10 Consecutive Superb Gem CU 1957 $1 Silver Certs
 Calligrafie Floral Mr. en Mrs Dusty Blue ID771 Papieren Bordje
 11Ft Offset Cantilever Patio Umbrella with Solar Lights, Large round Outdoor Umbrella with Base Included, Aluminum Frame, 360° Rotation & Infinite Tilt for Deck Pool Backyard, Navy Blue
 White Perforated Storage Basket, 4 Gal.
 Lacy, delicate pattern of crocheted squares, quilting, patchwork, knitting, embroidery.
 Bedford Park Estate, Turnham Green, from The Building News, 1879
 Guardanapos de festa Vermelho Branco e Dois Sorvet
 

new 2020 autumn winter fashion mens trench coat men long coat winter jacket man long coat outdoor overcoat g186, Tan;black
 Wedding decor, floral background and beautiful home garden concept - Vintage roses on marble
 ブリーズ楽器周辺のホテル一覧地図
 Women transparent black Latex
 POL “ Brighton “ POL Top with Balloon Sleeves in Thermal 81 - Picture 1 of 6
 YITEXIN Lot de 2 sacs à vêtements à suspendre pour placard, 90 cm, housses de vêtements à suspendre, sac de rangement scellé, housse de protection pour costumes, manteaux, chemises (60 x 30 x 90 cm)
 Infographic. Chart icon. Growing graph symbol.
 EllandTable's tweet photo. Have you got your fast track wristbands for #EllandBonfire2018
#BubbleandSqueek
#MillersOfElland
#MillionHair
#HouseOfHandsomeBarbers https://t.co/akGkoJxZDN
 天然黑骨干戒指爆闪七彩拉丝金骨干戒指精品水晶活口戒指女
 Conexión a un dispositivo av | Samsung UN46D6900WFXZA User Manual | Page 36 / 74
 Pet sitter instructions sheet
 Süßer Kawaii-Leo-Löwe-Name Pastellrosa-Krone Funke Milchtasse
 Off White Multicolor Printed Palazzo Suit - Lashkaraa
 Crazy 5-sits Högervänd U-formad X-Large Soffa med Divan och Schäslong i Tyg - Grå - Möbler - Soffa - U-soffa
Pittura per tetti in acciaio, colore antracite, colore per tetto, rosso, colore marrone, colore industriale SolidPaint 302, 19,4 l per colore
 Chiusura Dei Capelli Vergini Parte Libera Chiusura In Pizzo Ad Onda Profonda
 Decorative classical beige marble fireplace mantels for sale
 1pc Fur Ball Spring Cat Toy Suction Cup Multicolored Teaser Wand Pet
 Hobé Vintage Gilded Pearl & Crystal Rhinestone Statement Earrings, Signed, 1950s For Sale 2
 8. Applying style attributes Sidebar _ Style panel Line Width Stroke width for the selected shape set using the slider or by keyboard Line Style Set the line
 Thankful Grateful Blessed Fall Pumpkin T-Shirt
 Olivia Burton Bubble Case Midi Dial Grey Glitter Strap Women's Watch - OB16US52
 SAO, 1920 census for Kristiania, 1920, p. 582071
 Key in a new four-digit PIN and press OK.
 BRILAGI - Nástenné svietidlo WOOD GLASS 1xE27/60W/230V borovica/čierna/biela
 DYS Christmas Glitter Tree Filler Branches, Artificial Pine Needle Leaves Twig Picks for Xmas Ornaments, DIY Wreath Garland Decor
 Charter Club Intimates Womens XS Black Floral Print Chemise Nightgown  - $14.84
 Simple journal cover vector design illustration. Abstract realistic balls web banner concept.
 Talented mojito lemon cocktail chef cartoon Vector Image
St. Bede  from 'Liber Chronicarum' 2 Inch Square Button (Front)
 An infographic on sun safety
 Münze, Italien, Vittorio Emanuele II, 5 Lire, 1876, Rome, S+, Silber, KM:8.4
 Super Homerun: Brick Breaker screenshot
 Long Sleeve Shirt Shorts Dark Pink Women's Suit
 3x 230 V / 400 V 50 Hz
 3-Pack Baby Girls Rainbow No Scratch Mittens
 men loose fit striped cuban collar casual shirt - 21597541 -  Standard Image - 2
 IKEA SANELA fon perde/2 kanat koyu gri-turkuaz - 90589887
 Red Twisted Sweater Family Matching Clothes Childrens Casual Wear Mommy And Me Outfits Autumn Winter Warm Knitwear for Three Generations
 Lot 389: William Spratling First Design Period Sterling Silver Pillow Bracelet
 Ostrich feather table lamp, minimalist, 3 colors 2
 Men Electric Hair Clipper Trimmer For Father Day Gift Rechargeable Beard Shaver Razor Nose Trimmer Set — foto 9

§

§ **Work instruction**
Return exactly, and only, the lines above starting at the line that contains "Key in a new four-digit PIN and press OK." and ending at the line that contains "Talented mojito lemon".

§ **Solved problem**
 Key in a new four-digit PIN and press OK.
 BRILAGI - Nástenné svietidlo WOOD GLASS 1xE27/60W/230V borovica/čierna/biela
 DYS Christmas Glitter Tree Filler Branches, Artificial Pine Needle Leaves Twig Picks for Xmas Ornaments, DIY Wreath Garland Decor
 Charter Club Intimates Womens XS Black Floral Print Chemise Nightgown  - $14.84
 Simple journal cover vector design illustration. Abstract realistic balls web banner concept.
 Talented mojito lemon cocktail chef cartoon Vector Image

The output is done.